§ RECORDS TO PROCESS:
════════════════════
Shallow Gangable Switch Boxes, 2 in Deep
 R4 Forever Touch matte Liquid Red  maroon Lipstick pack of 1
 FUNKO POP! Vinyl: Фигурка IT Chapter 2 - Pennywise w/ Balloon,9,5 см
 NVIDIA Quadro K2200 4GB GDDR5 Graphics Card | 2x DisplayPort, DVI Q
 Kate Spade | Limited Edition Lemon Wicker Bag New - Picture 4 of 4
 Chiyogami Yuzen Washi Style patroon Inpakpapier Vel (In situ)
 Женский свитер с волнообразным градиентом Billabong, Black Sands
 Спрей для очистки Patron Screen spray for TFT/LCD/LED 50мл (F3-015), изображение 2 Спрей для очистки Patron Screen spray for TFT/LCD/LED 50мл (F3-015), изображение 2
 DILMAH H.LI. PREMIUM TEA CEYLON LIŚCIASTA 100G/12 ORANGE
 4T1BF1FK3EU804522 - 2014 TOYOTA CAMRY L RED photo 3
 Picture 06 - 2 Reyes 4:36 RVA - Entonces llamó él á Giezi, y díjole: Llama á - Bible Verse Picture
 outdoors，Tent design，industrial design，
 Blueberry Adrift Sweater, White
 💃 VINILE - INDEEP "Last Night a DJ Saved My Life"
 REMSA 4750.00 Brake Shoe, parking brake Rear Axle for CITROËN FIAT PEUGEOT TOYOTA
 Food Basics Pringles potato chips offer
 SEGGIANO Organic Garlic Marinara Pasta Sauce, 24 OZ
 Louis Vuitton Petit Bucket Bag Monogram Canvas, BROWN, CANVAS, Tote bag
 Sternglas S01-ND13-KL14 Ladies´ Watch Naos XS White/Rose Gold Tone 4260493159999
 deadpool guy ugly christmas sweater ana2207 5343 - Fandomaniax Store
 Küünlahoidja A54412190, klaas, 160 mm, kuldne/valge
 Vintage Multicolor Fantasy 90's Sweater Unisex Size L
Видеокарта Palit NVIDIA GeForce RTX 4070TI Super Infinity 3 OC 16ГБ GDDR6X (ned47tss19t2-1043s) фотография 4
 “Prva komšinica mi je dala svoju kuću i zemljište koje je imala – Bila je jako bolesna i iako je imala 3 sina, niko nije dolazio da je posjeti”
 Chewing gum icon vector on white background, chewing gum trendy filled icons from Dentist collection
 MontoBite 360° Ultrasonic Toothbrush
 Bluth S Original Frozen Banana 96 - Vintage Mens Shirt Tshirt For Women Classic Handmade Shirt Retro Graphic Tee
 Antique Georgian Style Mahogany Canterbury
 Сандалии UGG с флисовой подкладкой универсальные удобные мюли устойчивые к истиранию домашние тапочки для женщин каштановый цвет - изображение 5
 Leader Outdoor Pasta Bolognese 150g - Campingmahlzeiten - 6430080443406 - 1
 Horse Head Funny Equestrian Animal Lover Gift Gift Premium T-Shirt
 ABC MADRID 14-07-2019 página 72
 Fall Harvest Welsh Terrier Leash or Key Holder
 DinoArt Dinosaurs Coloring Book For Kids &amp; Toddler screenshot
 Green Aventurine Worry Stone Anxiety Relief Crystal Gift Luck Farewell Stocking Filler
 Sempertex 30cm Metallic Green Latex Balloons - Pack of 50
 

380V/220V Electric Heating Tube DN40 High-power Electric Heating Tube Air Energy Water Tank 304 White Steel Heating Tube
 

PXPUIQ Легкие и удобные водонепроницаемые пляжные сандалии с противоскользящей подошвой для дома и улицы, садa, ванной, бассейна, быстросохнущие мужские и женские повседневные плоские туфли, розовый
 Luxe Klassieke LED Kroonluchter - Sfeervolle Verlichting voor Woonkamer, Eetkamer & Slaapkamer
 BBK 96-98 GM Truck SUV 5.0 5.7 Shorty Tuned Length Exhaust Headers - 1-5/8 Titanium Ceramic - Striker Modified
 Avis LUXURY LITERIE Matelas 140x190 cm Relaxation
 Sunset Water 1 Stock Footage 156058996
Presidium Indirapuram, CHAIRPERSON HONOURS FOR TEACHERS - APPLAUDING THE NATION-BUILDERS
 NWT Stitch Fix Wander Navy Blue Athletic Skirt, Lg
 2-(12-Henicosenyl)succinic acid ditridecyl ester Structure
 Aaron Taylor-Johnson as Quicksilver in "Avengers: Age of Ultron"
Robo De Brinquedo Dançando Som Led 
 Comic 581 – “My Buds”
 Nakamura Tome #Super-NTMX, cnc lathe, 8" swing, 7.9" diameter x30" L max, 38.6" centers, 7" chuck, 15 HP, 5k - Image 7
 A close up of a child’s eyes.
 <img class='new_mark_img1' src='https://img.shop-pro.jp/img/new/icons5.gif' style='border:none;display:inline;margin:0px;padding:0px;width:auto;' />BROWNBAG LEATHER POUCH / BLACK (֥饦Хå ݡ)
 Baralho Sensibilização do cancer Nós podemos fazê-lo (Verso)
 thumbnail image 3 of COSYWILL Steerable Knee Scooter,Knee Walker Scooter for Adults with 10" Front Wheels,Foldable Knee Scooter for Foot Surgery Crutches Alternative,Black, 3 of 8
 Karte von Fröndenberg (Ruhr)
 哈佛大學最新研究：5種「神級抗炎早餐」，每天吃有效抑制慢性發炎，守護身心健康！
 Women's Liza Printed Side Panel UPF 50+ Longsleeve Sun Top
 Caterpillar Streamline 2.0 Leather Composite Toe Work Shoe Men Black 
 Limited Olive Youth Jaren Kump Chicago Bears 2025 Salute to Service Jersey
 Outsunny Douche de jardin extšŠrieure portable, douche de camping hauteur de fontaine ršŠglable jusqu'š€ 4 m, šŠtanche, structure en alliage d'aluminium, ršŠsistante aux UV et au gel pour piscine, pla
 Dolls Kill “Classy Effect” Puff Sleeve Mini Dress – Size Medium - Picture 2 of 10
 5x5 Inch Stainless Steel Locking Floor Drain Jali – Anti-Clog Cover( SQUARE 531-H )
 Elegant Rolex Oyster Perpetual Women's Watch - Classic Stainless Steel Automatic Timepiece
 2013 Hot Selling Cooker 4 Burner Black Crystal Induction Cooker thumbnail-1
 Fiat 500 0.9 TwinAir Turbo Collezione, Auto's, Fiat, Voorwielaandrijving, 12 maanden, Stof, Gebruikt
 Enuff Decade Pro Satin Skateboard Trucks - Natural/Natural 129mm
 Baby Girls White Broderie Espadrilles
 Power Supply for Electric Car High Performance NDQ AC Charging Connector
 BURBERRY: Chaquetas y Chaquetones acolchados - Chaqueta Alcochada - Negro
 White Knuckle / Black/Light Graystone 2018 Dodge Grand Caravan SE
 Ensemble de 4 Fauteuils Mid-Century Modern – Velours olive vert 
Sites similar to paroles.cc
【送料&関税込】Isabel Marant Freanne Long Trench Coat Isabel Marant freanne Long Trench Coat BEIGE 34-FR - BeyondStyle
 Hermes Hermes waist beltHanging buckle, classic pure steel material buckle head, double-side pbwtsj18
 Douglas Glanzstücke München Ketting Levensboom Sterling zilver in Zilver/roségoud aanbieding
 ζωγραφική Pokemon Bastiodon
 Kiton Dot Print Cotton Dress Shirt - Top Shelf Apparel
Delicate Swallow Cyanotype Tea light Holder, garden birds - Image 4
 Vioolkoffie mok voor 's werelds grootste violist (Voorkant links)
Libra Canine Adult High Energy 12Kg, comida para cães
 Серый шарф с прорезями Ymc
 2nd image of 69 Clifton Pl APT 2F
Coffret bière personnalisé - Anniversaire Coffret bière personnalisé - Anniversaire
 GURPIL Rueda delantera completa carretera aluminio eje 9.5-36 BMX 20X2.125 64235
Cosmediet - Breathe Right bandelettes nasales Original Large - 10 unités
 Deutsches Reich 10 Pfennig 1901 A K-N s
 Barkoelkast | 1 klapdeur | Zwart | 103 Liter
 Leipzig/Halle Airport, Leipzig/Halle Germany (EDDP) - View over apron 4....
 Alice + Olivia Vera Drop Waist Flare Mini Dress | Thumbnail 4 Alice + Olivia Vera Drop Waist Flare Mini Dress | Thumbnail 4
════════════════════
§ EXERCISE: Among the entries above, the line containing "Food Basics Pringles potato chips offer", the line containing "Видеокарта Palit NVIDIA", and all lines between them are to be restated word for word; nothing else belongs in the reply.

§ WRITTEN ANSWER:
 Food Basics Pringles potato chips offer
 SEGGIANO Organic Garlic Marinara Pasta Sauce, 24 OZ
 Louis Vuitton Petit Bucket Bag Monogram Canvas, BROWN, CANVAS, Tote bag
 Sternglas S01-ND13-KL14 Ladies´ Watch Naos XS White/Rose Gold Tone 4260493159999
 deadpool guy ugly christmas sweater ana2207 5343 - Fandomaniax Store
 Küünlahoidja A54412190, klaas, 160 mm, kuldne/valge
 Vintage Multicolor Fantasy 90's Sweater Unisex Size L
Видеокарта Palit NVIDIA GeForce RTX 4070TI Super Infinity 3 OC 16ГБ GDDR6X (ned47tss19t2-1043s) фотография 4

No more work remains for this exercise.